> Task to complete
All of the data should be output character for character, except the pictures.

> Information shown

******

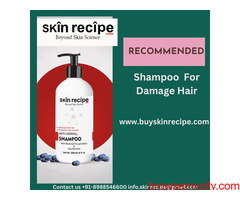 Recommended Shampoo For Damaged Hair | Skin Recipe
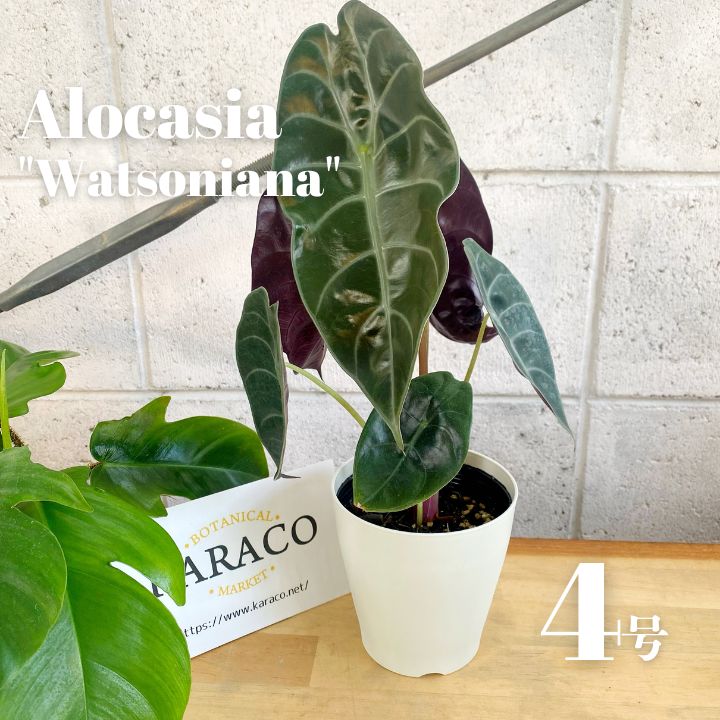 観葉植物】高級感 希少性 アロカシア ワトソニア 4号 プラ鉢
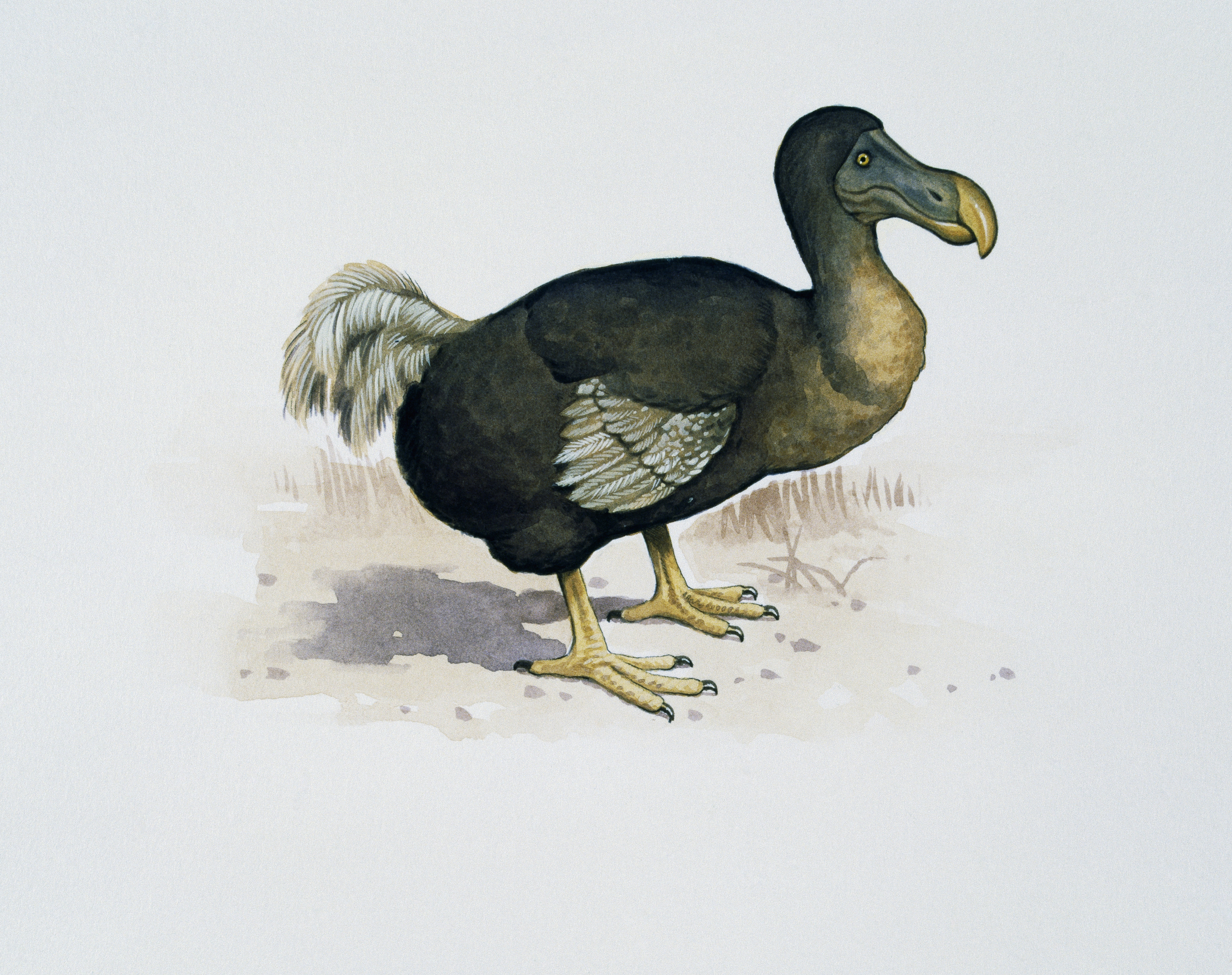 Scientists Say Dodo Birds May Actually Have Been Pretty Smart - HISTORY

******

> Output for this task
 Recommended Shampoo For Damaged Hair | Skin Recipe
 観葉植物】高級感 希少性 アロカシア ワトソニア 4号 プラ鉢
 Scientists Say Dodo Birds May Actually Have Been Pretty Smart - HISTORY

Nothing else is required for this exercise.